The 45-15 schedule is not year-round schooling, as many might assume, it is a balanced calendar. The superintendent of the ALSD, Dr. Michael Funk said, “Essentially, we would have nine weeks of school, two weeks off, repeat this three times throughout the school year, and still have an 11 week summer.” Summer break is shortened, by a few weeks, but not cut out. After each quarter there would be about two weeks of break.

In Rochester, Longfellow Elementary School, has adapted to the 45-15 schedule. They have classes for nine to 10 weeks, then a three week break called intersessions. Longfellow Elementary School begins class towards the end of July. The main reason schools, like Longfellow Elementary, are changing to this schedule is because this way students do not lose what they learned the previous year. Schools that have changed to the 45-15 schedule see the problem in the Owatonna schedule being summer is too long to possibly remember the logarithmic function learned in Pre-Calc last semester.

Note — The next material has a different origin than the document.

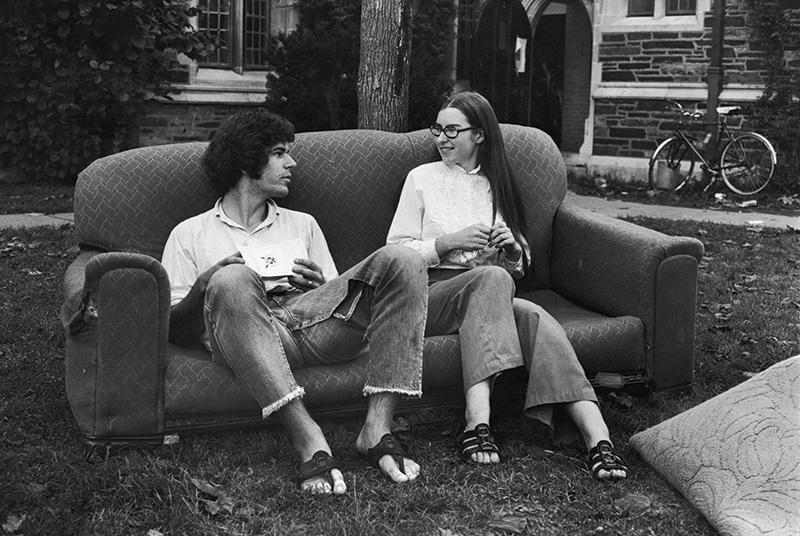 Beverly Cayford ’73, chatting with John Sease ’69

In the Rochester school district, this schedule has worked for 15 years already and has succeeded in their community. Would it hurt or succeed in the Owatonna school district? As of now, Owatonna starts school the day after Labor Day. With a 45-15 schedule in effect, school would most likely start near the end of July, as in Rochester. Like Dr. Funk said, there would be approximately 11 weeks, or close, of summer. The only difference is that students do not forget all they learned the year before. The 15 day break students get would fall in Oct., Dec. and March essentially around the holidays and breaks students already get. That means that it would not affect the holiday vacation students receive.

So again, imagine a summer with school still in session- for part of it. At first thought, it might seem like a bad idea, but it does not affect much of the schedule already in place.